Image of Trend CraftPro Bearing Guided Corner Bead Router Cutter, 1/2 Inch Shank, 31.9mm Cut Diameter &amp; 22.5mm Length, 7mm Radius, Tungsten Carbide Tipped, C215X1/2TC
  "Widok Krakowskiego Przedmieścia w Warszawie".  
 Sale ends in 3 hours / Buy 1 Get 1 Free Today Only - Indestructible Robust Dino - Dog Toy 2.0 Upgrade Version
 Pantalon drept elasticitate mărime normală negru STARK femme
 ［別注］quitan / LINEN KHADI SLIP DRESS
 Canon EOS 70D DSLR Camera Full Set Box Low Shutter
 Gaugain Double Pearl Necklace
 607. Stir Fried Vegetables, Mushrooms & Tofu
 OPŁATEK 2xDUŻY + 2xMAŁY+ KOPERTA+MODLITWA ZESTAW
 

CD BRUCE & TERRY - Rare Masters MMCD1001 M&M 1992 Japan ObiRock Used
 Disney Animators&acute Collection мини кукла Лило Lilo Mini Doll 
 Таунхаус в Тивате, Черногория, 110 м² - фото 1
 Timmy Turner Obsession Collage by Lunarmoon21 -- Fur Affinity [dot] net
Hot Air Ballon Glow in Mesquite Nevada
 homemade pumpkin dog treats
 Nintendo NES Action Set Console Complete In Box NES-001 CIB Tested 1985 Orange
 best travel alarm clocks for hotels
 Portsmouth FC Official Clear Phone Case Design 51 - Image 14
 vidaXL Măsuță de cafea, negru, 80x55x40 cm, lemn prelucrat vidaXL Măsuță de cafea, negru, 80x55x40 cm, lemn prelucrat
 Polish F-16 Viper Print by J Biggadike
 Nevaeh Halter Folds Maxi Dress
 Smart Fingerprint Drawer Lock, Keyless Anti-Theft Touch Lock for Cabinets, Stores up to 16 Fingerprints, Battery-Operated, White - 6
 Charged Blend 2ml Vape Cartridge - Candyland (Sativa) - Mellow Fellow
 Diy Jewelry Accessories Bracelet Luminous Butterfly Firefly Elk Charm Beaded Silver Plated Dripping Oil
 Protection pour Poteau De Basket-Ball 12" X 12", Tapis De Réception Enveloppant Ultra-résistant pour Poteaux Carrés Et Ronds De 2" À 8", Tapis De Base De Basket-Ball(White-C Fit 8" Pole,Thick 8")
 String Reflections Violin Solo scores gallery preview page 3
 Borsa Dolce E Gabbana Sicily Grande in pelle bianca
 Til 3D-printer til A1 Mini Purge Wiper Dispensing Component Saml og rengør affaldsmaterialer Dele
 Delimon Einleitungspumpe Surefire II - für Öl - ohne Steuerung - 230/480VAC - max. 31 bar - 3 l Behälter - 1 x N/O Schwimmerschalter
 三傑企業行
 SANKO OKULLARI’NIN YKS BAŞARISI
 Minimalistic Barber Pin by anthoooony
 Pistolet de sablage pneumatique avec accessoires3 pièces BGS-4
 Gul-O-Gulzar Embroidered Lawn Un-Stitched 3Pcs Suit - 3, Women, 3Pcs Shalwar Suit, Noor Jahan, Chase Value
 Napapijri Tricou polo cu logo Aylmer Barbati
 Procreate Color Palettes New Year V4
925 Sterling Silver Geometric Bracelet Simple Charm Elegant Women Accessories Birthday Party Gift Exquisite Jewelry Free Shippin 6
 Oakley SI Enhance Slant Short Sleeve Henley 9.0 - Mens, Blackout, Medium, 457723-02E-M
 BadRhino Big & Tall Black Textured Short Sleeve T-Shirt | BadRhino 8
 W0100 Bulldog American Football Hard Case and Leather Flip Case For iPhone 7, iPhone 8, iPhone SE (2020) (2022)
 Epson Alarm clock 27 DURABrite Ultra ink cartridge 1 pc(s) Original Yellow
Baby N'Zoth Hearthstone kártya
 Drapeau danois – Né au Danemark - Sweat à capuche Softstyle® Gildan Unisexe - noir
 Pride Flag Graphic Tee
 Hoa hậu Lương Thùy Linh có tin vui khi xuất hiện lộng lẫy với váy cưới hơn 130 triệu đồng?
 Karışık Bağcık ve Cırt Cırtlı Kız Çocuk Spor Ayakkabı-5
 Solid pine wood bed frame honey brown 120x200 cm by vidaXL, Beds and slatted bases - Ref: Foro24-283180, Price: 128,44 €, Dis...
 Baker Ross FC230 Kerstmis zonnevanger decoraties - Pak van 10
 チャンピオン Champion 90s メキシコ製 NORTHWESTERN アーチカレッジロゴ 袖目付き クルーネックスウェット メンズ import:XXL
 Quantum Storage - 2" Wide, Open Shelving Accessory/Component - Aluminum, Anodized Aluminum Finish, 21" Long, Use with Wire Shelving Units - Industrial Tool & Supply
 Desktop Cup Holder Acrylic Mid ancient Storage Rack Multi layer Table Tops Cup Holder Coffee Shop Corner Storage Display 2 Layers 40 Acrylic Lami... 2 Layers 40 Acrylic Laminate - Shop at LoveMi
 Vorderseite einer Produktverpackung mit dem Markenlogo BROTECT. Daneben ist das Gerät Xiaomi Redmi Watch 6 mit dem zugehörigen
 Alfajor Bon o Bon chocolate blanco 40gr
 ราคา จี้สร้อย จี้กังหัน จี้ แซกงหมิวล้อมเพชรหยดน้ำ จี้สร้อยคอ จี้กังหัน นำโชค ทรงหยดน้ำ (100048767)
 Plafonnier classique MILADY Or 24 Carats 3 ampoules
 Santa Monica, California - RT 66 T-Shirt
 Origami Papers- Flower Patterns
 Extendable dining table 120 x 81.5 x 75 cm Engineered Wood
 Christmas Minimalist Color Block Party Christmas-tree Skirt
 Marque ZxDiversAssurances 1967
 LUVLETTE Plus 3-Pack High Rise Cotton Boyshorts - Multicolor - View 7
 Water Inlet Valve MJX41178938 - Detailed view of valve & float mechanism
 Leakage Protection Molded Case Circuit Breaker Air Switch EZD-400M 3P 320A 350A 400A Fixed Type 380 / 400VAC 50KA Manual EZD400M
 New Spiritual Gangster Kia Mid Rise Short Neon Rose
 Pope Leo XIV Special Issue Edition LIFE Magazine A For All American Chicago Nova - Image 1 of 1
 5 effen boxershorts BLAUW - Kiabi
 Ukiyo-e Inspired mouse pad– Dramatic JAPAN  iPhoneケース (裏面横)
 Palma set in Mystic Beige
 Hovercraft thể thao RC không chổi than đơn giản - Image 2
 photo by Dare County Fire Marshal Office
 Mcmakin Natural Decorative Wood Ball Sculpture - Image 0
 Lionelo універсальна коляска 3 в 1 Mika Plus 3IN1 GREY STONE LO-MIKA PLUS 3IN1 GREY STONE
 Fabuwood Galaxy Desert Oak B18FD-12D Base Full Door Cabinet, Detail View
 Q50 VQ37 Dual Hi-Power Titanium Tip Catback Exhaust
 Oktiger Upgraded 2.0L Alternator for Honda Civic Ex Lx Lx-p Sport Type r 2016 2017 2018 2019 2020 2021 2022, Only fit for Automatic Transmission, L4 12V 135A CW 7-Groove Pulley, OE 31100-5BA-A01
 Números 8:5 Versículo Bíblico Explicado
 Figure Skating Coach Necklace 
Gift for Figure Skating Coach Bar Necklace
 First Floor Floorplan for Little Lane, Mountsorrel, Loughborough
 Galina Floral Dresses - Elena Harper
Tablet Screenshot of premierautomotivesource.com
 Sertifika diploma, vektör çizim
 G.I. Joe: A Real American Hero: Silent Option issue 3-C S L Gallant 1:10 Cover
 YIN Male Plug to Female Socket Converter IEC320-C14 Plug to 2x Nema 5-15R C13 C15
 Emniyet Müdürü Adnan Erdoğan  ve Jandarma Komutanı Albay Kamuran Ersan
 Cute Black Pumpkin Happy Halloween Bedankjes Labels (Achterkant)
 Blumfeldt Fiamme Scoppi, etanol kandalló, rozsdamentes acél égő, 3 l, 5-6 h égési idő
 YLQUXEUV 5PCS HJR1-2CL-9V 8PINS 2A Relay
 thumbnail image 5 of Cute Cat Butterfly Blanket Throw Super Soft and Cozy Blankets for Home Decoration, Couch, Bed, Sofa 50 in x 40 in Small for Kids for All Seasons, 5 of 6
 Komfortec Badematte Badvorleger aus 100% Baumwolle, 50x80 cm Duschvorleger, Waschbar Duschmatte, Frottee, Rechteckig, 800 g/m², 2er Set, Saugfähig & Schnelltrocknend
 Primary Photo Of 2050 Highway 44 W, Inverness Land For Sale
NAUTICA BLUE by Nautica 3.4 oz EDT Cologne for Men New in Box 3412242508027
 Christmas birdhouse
::::
Give back exactly the lines above starting at the line where "Epson Alarm clock" appears and ending at the line where "Tool & Supply" appears, both included, with no other lines.

 Epson Alarm clock 27 DURABrite Ultra ink cartridge 1 pc(s) Original Yellow
Baby N'Zoth Hearthstone kártya
 Drapeau danois – Né au Danemark - Sweat à capuche Softstyle® Gildan Unisexe - noir
 Pride Flag Graphic Tee
 Hoa hậu Lương Thùy Linh có tin vui khi xuất hiện lộng lẫy với váy cưới hơn 130 triệu đồng?
 Karışık Bağcık ve Cırt Cırtlı Kız Çocuk Spor Ayakkabı-5
 Solid pine wood bed frame honey brown 120x200 cm by vidaXL, Beds and slatted bases - Ref: Foro24-283180, Price: 128,44 €, Dis...
 Baker Ross FC230 Kerstmis zonnevanger decoraties - Pak van 10
 チャンピオン Champion 90s メキシコ製 NORTHWESTERN アーチカレッジロゴ 袖目付き クルーネックスウェット メンズ import:XXL
 Quantum Storage - 2" Wide, Open Shelving Accessory/Component - Aluminum, Anodized Aluminum Finish, 21" Long, Use with Wire Shelving Units - Industrial Tool & Supply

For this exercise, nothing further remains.